動物たちが感情を持たないのではなく、ほかの動物も悲しみを表現している例が多々あるそうです。一方で人間は多々、苦しみを抱いている。著者は人間のマイナスの感情を客観的に機能としての役割を記しています。
例えば、怒りは自分の重要な境界が破れたことを知らせ、嫉妬は資源を他人が持つことを知らせる機能である・・などです。
そもそもですが、苦しみは自己の意識があるから、です。ところが実は、自己は単に生存のためのツールとしての役割に過ぎないと言っています。
こんな風に言うと、もしかしたら驚く人もいるかもしれません。でも、実は仏教系の書籍を読むと割と普通に取り入れている概念です。
自己の意識が、そもそもが機能に過ぎないと知れば、不思議に苦悩した気持ちも薄れる気がしませんか。
第2章 虚構
何かに苦しんでいるときは、自分のことで頭がいっぱいです。反対に自分というものを一時的にでも客観的に眺めてみると、不思議に冷静になれるもの。

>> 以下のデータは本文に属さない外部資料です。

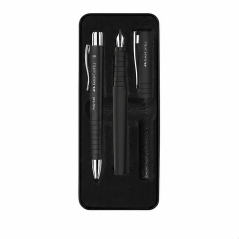 Coffret Faber-Castell Poly noir, stylo bille + plume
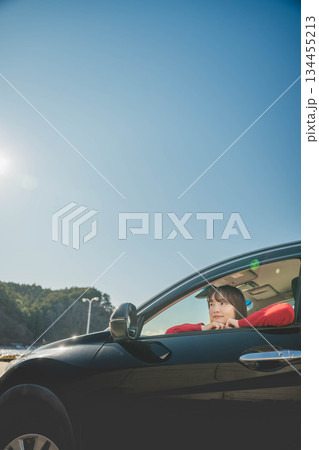 晴れた日に車を運転する若いロングヘアの女性 晴れた日に車を運転する若いロングヘアの女性 134455213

本書でも、自己という虚構を絶対視する態度が原因になることを指摘しています。
そもそも「ありのままの自分」や「自分らしく生きる」が、ドーナツの穴を食べようとするように不可能なのだそうです。
また、人間の脳は現実より「物語」を信じるクセがあるようです。本書には「物語」を重視することを体験できる格子模様が記されています。本書を読んだらぜひ、試してみてください。
第3章 結界
結界というと、神社の鳥居やしめ縄、葬儀の幕があります。これらは厳しい境界をあらわしていると思っていました。
ところが本書によると、結界は「この中にいるから大丈夫ですよ」と安心をもたらすものらしいのです。
この章で著者が特に重視しているのは「グラウンディング」というテクニックです。これは心理療法で使われるテクニックで「現在」に心を引き戻すノウハウのことだそう。
本書には代表的なグラウディングの手法として、
- 自己解説法
- 54321法
- 暗算法
が紹介されています。どれもすぐに実践できることですが、効果は大きそうなので、ぜひ本書で詳細を読んでみることをおすすめします。
第4章 悪法
ここでいうところの「悪法」とはつまり、自分で自分を苦しい考えに導いてしまう、考えの悪い癖の様なもののことです。
この賞には18の「悪法」が記されています。自分の好ましくない内面がどこから来るのか、18の中に原因となるものがあるはずです。
第5章 降伏
世界で最も幸福な部族として、アマゾンに住む狩猟採集民のピダハン族の例が挙げられています。
ピダハン族にはメンタルの問題がほぼ見かけられないのだそう。もちろん先進国のような暮らしではないので、獣や猛毒や伝染病、他部族の脅威があるので恐怖の概念は避けられないはず。それなのに「悪法」がない状態は、私たちにも可能であることを示しています。
その対策として挙げられているのは、起きている事実を受けいれることです。例えばある実験例では運動の辛さを受け入れたほうが、そうでないよりも、疲れて動けなくなるまでの時間が延びている例を挙げています。
自分で選んだ登山は足の痛みを苦しみとは認識せず、他者から供用された登山なら途端に「なぜこんなつらい目に」と否定の思考になるといいます。
ワクチンもその価値を理解しない子供は理不尽な痛みとして抵抗する例が挙げられています。
私事ですが、確かに当初はどう向き合えばよいか戸惑ったことも、「すべて受け入れる」と覚悟を決めました。それからは、絶え間なく変動する症状を「今度はこう来ましたか~」と、受け止めています。
第6章 無我、終 章 智慧
正直言って、特にこの章は難しいですね。だからとりあえず軽く読みはしますが、理解しようとまではしなくて良いと思っています。
さいごに
かなり難しい概念をステップアップ方式で分かりやすく記されているので、大変参考になりました。様々な手法が紹介されていて、少しずつ試してみたいと思えるものばかりです。
ただ、著者はサービス精神旺盛なのか、ここに紹介されている手法を選択しつつ実践するのはかなり大変でもあるという印象です。
まずは気になったこと、できそうなことから、少しずつ試していけばいいかな・・という感じでしょうか。
本書は、仏教的概念と、心理学、様々な情報をバランスよく紹介したものです。それぞれの入門書的存在としても参考になると思われます。